◆ **Task description**: Would you give the listing again exactly, without its images?

◆ **Records provided**:

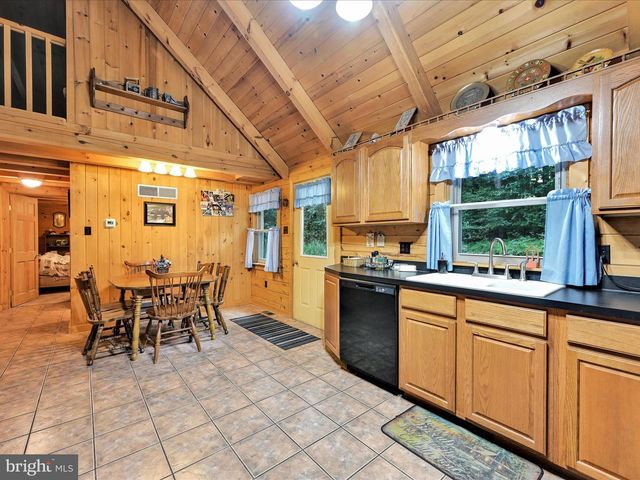 107 BLUE MOUNTAIN RD, Schuylkill Haven, PA 17972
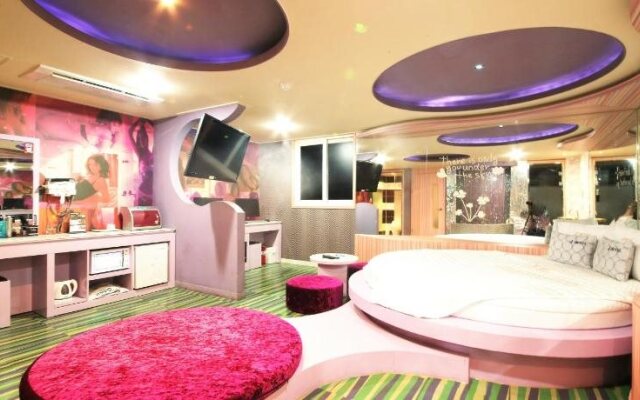 J Boutique Hotel Mg Stay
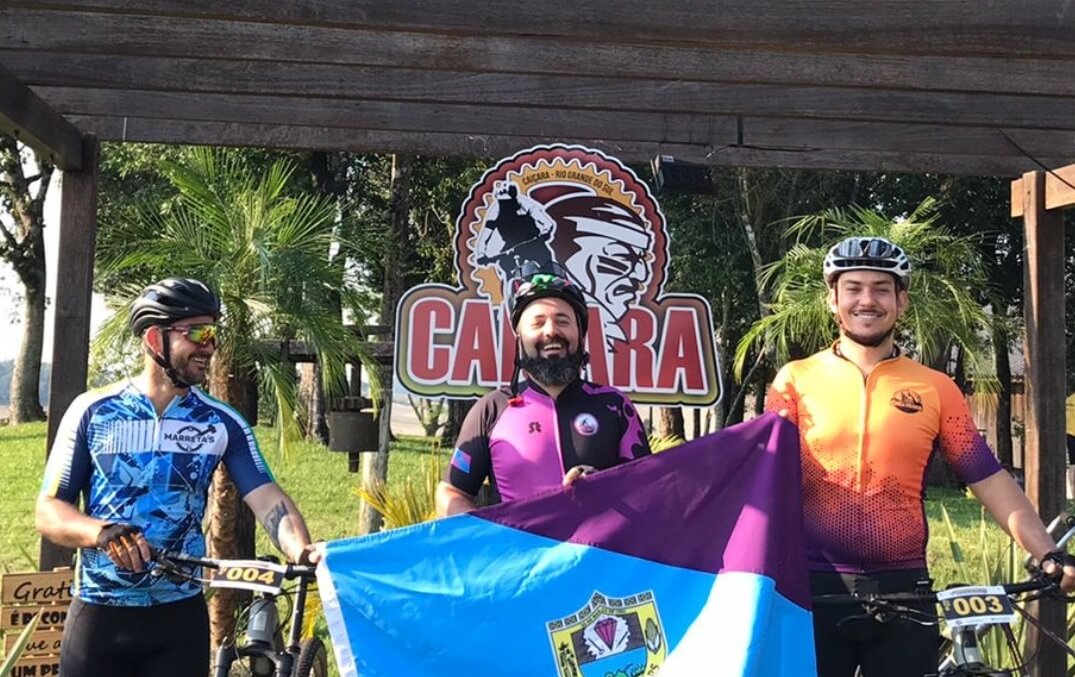 Capa Competidores de Ametista do Sul representam município no ciclismo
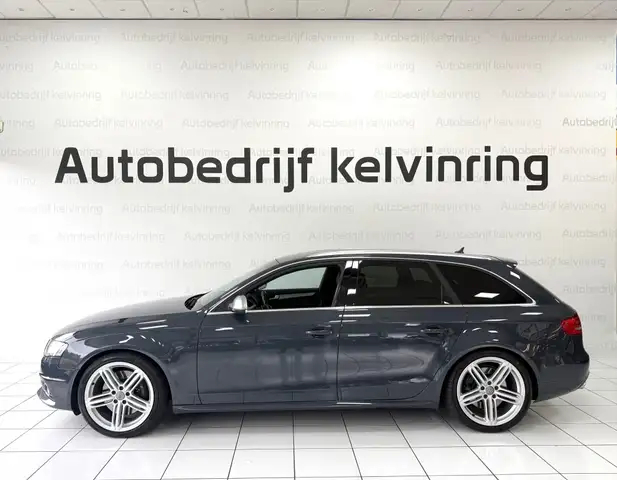 Audi A4 view 5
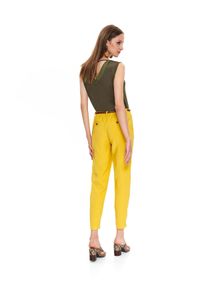 TOP SECRET - Spodnie z paskiem. Stan: podwyższony. Kolor: żółty. Sezon: wiosna, lato. Styl: elegancki #6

◆ **Written response**:
 107 BLUE MOUNTAIN RD, Schuylkill Haven, PA 17972
 J Boutique Hotel Mg Stay
 Capa Competidores de Ametista do Sul representam município no ciclismo
 Audi A4 view 5
 TOP SECRET - Spodnie z paskiem. Stan: podwyższony. Kolor: żółty. Sezon: wiosna, lato. Styl: elegancki #6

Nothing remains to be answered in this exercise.